TASK GOAL:
Where a line in the entries below contains the word "with", count it. Return the total alone.

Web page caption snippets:
####

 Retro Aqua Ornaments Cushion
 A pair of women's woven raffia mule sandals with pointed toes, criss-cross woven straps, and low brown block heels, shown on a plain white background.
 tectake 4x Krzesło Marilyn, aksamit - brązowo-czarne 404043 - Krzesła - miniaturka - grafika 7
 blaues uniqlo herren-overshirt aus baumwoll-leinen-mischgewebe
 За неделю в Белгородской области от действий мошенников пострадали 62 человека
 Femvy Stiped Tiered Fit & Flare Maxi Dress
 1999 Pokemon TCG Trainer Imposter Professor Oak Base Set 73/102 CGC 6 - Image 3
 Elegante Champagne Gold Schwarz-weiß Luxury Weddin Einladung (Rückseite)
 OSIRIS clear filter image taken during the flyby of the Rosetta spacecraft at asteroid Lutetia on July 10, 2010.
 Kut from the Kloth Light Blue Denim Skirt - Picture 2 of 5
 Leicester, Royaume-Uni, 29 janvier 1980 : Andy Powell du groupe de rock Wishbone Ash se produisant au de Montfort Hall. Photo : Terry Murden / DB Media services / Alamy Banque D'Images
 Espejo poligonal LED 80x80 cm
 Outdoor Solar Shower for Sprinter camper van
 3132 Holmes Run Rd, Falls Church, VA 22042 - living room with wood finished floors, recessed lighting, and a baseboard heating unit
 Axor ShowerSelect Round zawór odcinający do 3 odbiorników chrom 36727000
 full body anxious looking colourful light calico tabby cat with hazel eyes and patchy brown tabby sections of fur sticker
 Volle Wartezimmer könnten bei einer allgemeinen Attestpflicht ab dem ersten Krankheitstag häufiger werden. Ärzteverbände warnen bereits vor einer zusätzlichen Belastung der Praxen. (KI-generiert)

####

TASK RESPONSE:
3